# Why is acceleration due to gravity constant?

• I
Hello, I understand that the gravitational force is given by F=G*M1*M2/d^2, and that if an object is more massive, it feels more gravitational force toward the Earth, but also accelerates less due to F=M*A, which cancels out. My question is not why bodies of different weights fall at the same acceleration.

My question is: When the object gets closer to the Earth's core, shouldn't the force change inversely proportional to the distance, causing the force to increase? If so, then why would the object still accelerate at the same rate toward the Earth's core (the force is increasing, but the object has the same amount of mass)? Thank you in advance.

It seems you're asking why we assume a constant 9.8 m/s^2 acceleration regardless of the height (near ground level). This is only an approximation, and a very good one. You're right; the force increases as the objects get closer, but when looking at a small mass compared to the earth, moving closer barely changes the force at all, so it is nice to simplify it by saying the acceleration is constant (near the surface). When you start talking about orbiting satellites and whatnot, this approximation is no longer valid.

Delta2
Homework Helper
Gold Member
In physics very often we do approximations or assumptions that are not 100% true , but they simplify the calculations a lot. But you must know to do the proper approximations (depending on the problem we must do the proper approximations) in order your final result or final conclusion to be mostly valid (yet it cant be 100% valid).

Drakkith
Staff Emeritus
My question is: When the object gets closer to the Earth's core, shouldn't the force change inversely proportional to the distance, causing the force to increase? If so, then why would the object still accelerate at the same rate toward the Earth's core (the force is increasing, but the object has the same amount of mass)?

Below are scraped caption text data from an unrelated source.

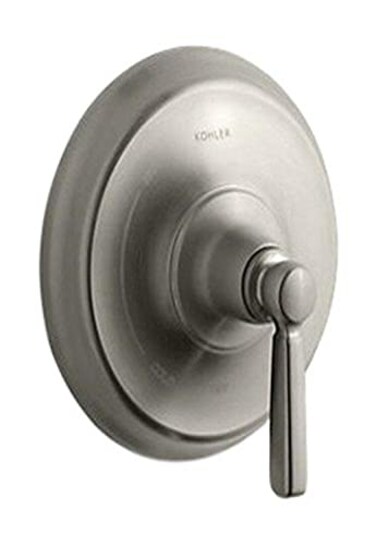 Kohler TS105844BN RiteTemp Valve Trim with Metal Lever Handle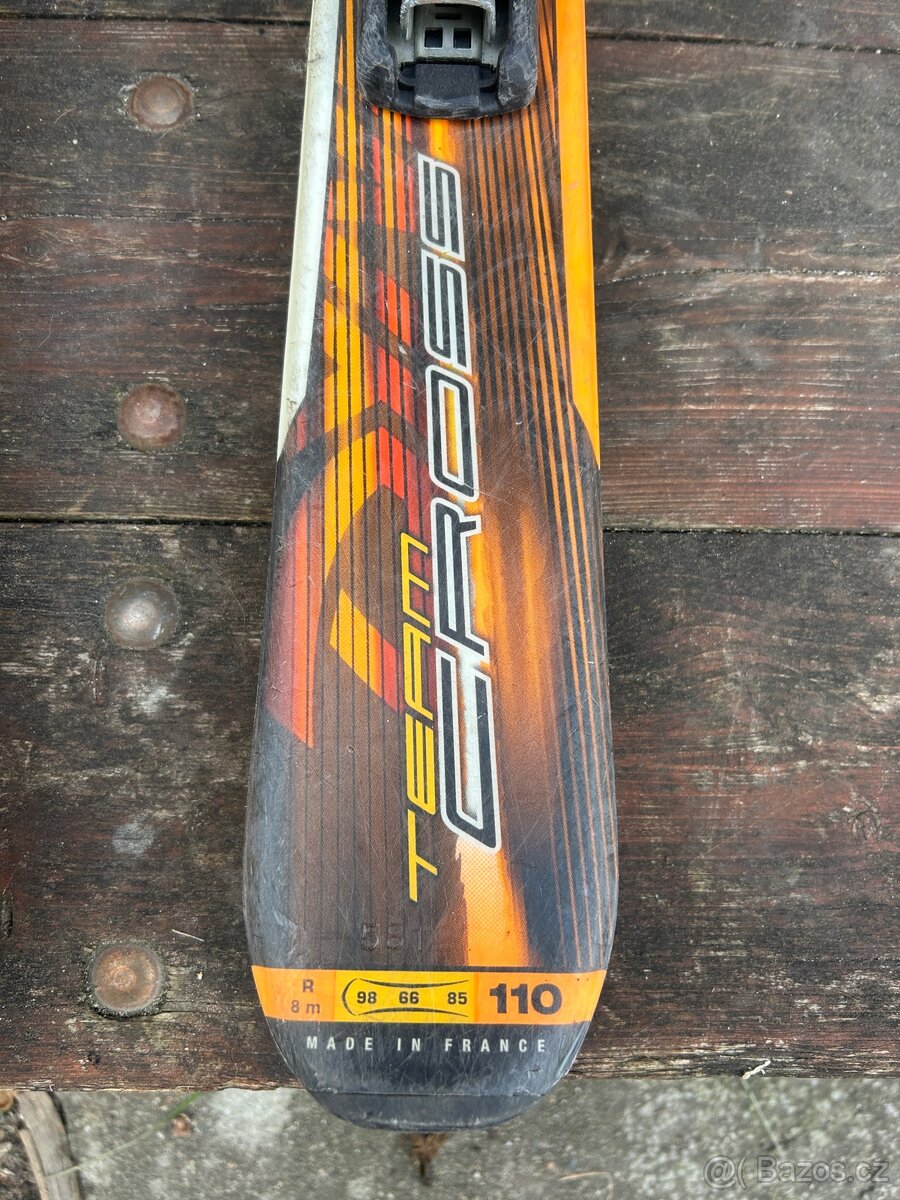 Lyže Dynastar 110 - 2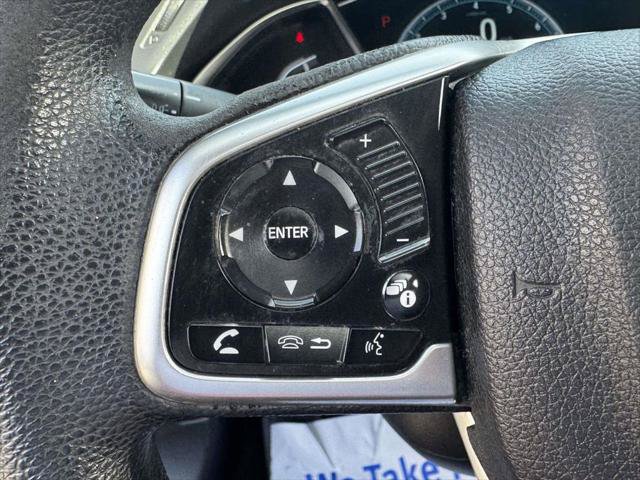 Used 2016 Honda Civic EX image 20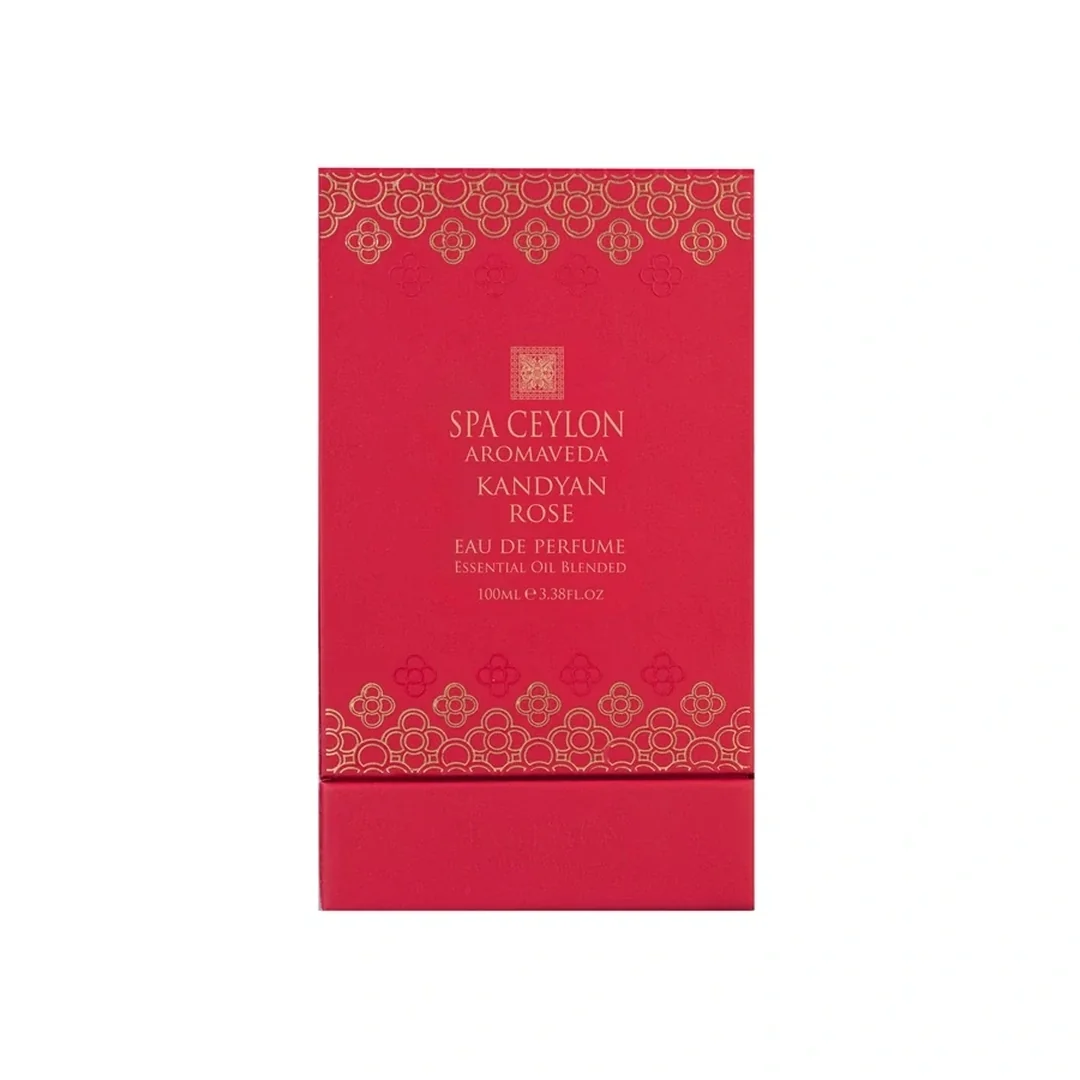 Parfumovaná voda Kandyan Rose 100 ml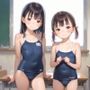 ちっぱい美少女の日常〜プールの時間〜04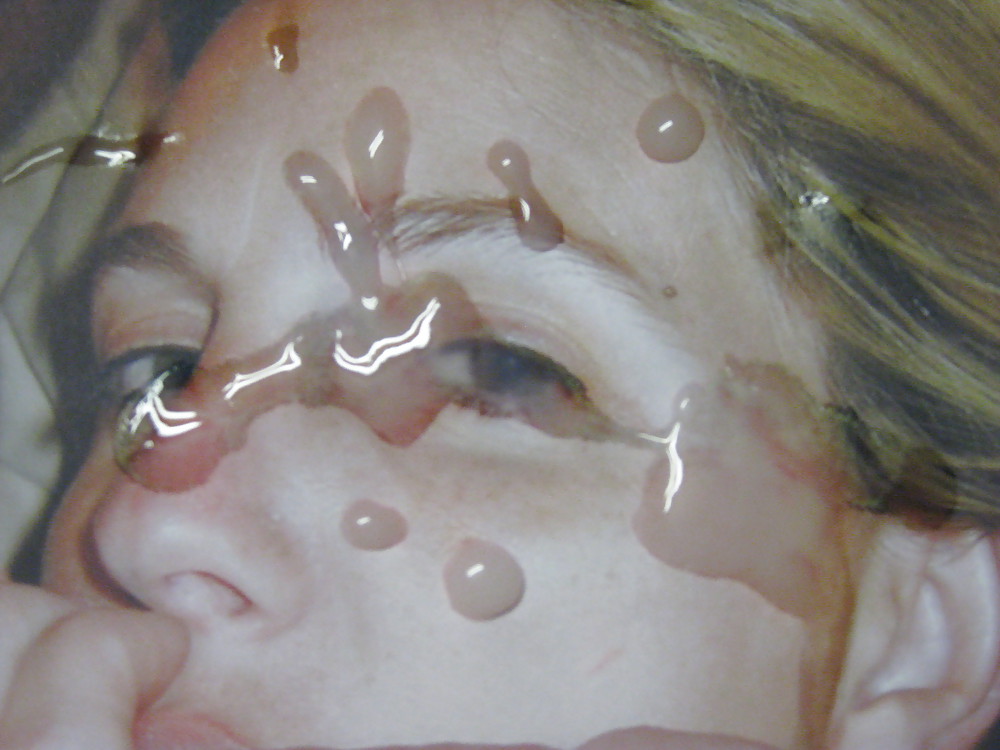 Gman Cum on Face of a Sexy Girl #8810060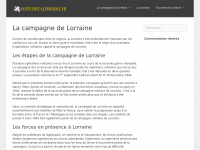 Histoire-lorraine.fr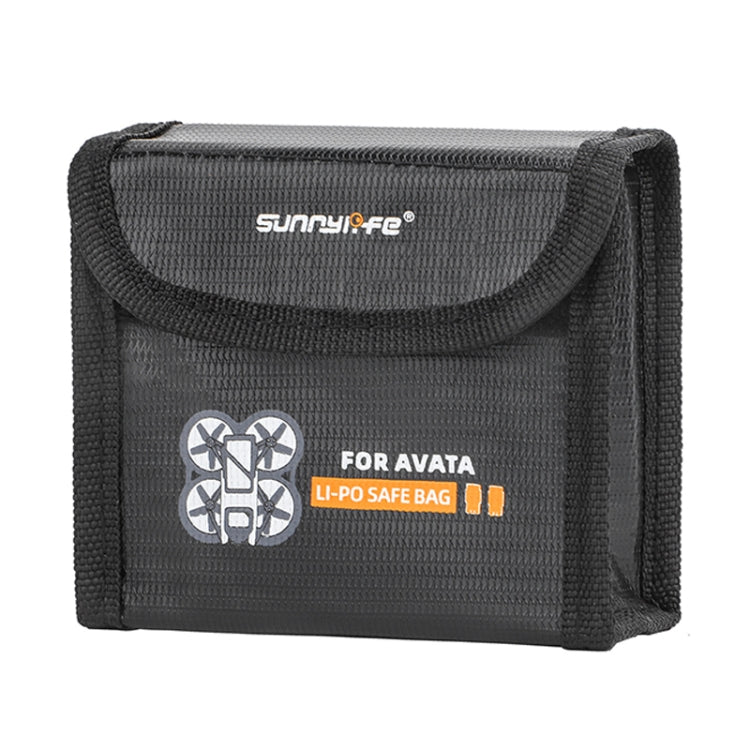 Bolsa a prueba de explosión de batería para DJI Avata, AT-DC477, AT-DC478, AT-DC479
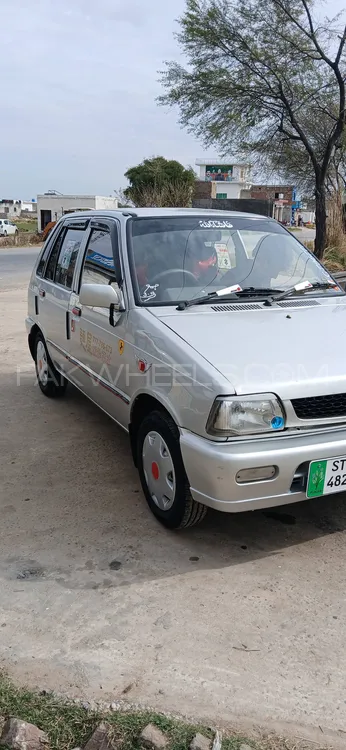 Suzuki Mehran 2005 for Sale in Rawalpindi Image-1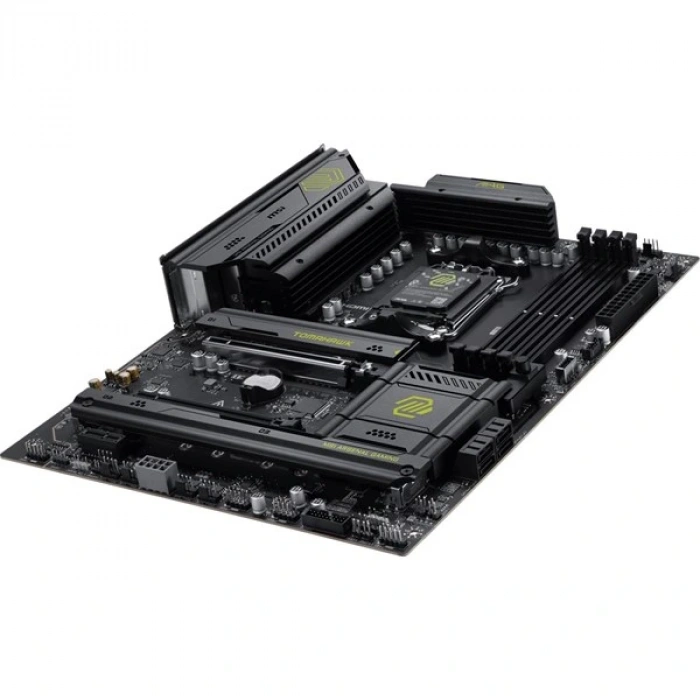 MSI MAG B850 TOMAHAWK WIFI7 DDR5 HDMI-DP PCIE 5.0 AM5 ATX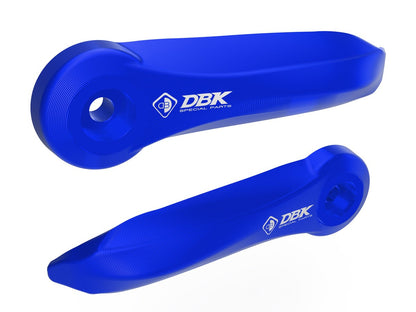 DBK Special Parts (Ducabike) Billet Hand Guard protectors for the BMW R 1300 GS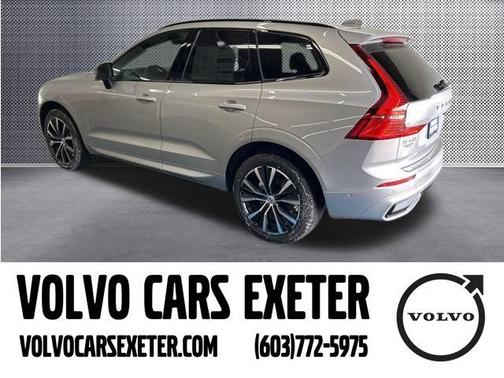 2025 Volvo XC60 B5 Plus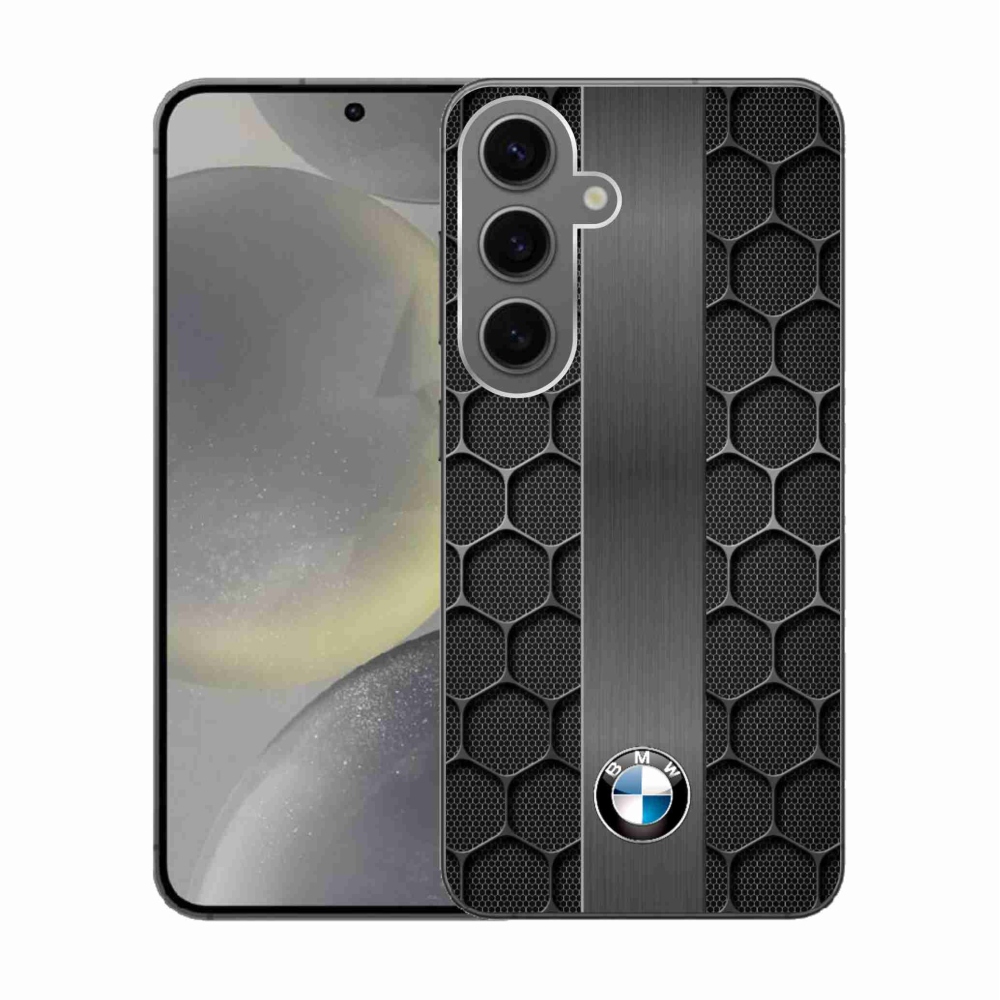 Gélový kryt mmCase na Samsung Galaxy S24 - bmw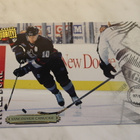 1997-98 Donruss Priority Postcard Pavel Bure #5 - pikkukuva 1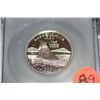 Image 1 : 2001-S Rhode Island State quarter, ICG graded, PR69 DCAM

The general formula for the gravitational force between two objects is F=GMm/r2, where M and m are the masses of the two objects, G is the gravitational constant, and r is the distance between the two centers of mass. You can see that because r is in the denominator, the force increases as the two objects get closer. However, because the distances we deal with here in our everyday lives on the surface of the Earth, the distance usually only changes by perhaps a few hundred to a few thousand feet. Since the Earth's radius is about 4,000 miles, a change of even a few thousand feet only changes the force of gravity by a very small amount. Here where I live, we are about 2400 feet above sea level. This increase in altitude of 2400 feet only changes the acceleration of an object by about 0.1 m/s2, putting us at around 9.7 m/s2 instead of 9.81 m/s2. This is a change of around 1%.

axmls and Delta2
Oh, so it does change the acceleration, just by a marginal amount in "normal" situations, so it doesn't matter as much in our everyday lives. Thanks!